* **WHAT TO WORK ON**
Apart from the pictures, the listing is to be returned exactly.

* **GIVEN RECORDS**
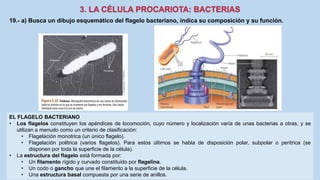 19.- a) Busca un dibujo esquemático del flagelo bacteriano, indica su composición y su función.
EL FLAGELO BACTERIANO
• Los flagelos constituyen los apéndices de locomoción, cuyo número y localización varía de unas bacterias a otras, y se
utilizan a menudo como un criterio de clasificación:
• Flagelación monotrica (un único flagelo).
• Flagelación politrica (varios flagelos). Para estos últimos se habla de disposición polar, subpolar o peritrica (se
disponen por toda la superficie de la célula).
• La estructura del flagelo está formada por:
• Un filamento rígido y curvado constituido por flagelina.
• Un codo o gancho que une el filamento a la superficie de la célula.
• Una estructura basal compuesta por una serie de anillos.
 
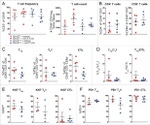 Ki-67 Antibody in Flow Cytometry (Flow)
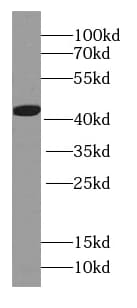 HBQ1 Antibody - BSA Free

* **ANSWER BOX**
 19.- a) Busca un dibujo esquemático del flagelo bacteriano, indica su composición y su función.
EL FLAGELO BACTERIANO
• Los flagelos constituyen los apéndices de locomoción, cuyo número y localización varía de unas bacterias a otras, y se
utilizan a menudo como un criterio de clasificación:
• Flagelación monotrica (un único flagelo).
• Flagelación politrica (varios flagelos). Para estos últimos se habla de disposición polar, subpolar o peritrica (se
disponen por toda la superficie de la célula).
• La estructura del flagelo está formada por:
• Un filamento rígido y curvado constituido por flagelina.
• Un codo o gancho que une el filamento a la superficie de la célula.
• Una estructura basal compuesta por una serie de anillos.
 
 Ki-67 Antibody in Flow Cytometry (Flow)
 HBQ1 Antibody - BSA Free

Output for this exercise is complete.